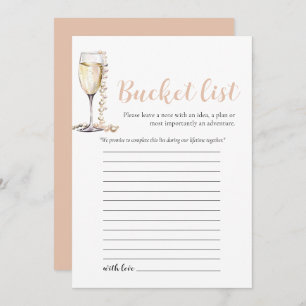 Invitation Gold Pearl et Prosecco Mariage Bucket List jeu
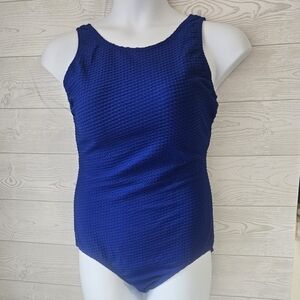 Aquamore Swimsuit Women's Size 12  Blue Textured One-Piece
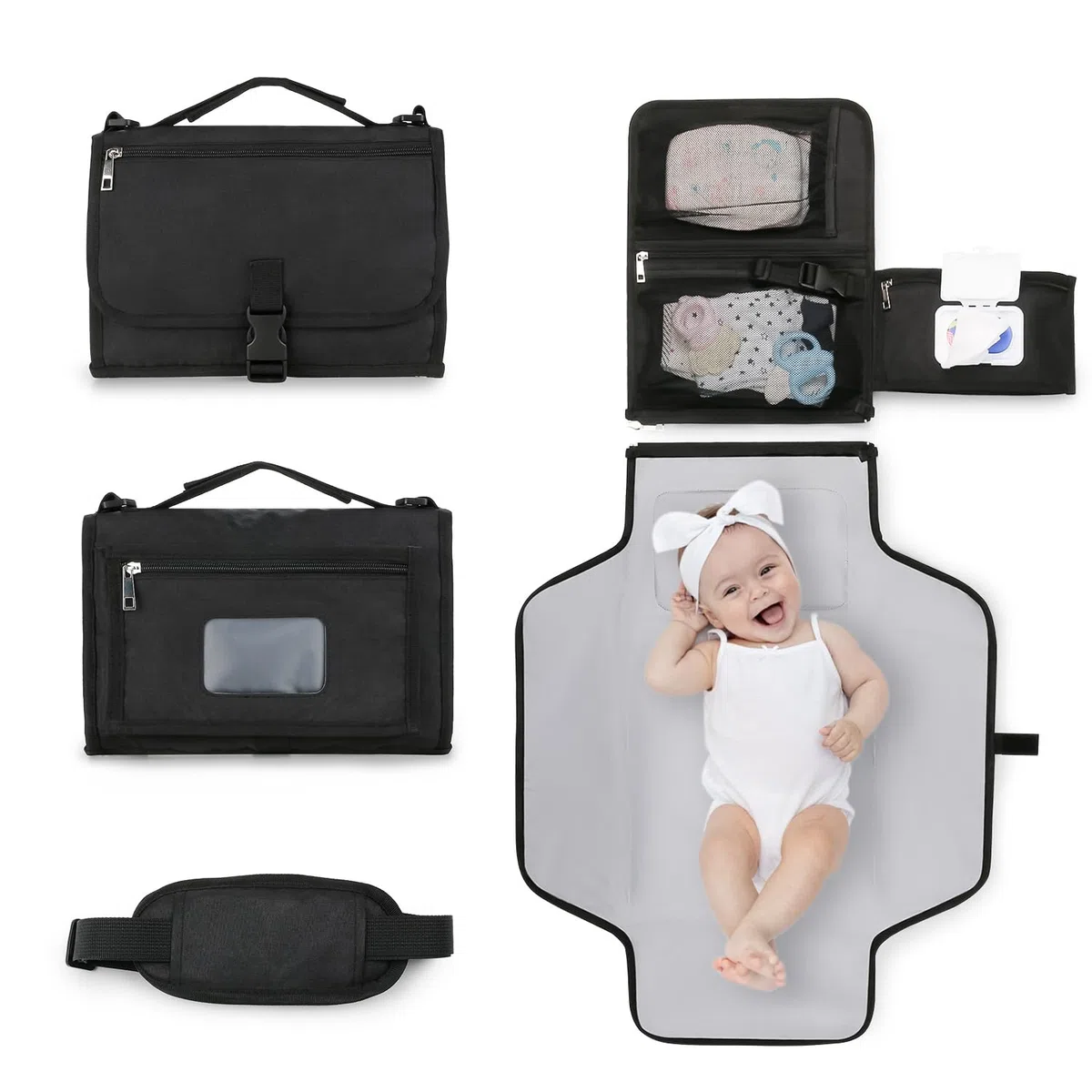 Bebamour Cambiador de pañales portátil con bolsillo para toallitas, cambiador de bebé de viaje con cojín para la cabeza para bebés, almohadillas impermeables para cambiar pañales esenciales para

----

Your goal:
With the pictures set aside, return each line of the listing exactly as given.

Exercise result:
 Invitation Gold Pearl et Prosecco Mariage Bucket List jeu
 Aquamore Swimsuit Women's Size 12  Blue Textured One-Piece
 Bebamour Cambiador de pañales portátil con bolsillo para toallitas, cambiador de bebé de viaje con cojín para la cabeza para bebés, almohadillas impermeables para cambiar pañales esenciales para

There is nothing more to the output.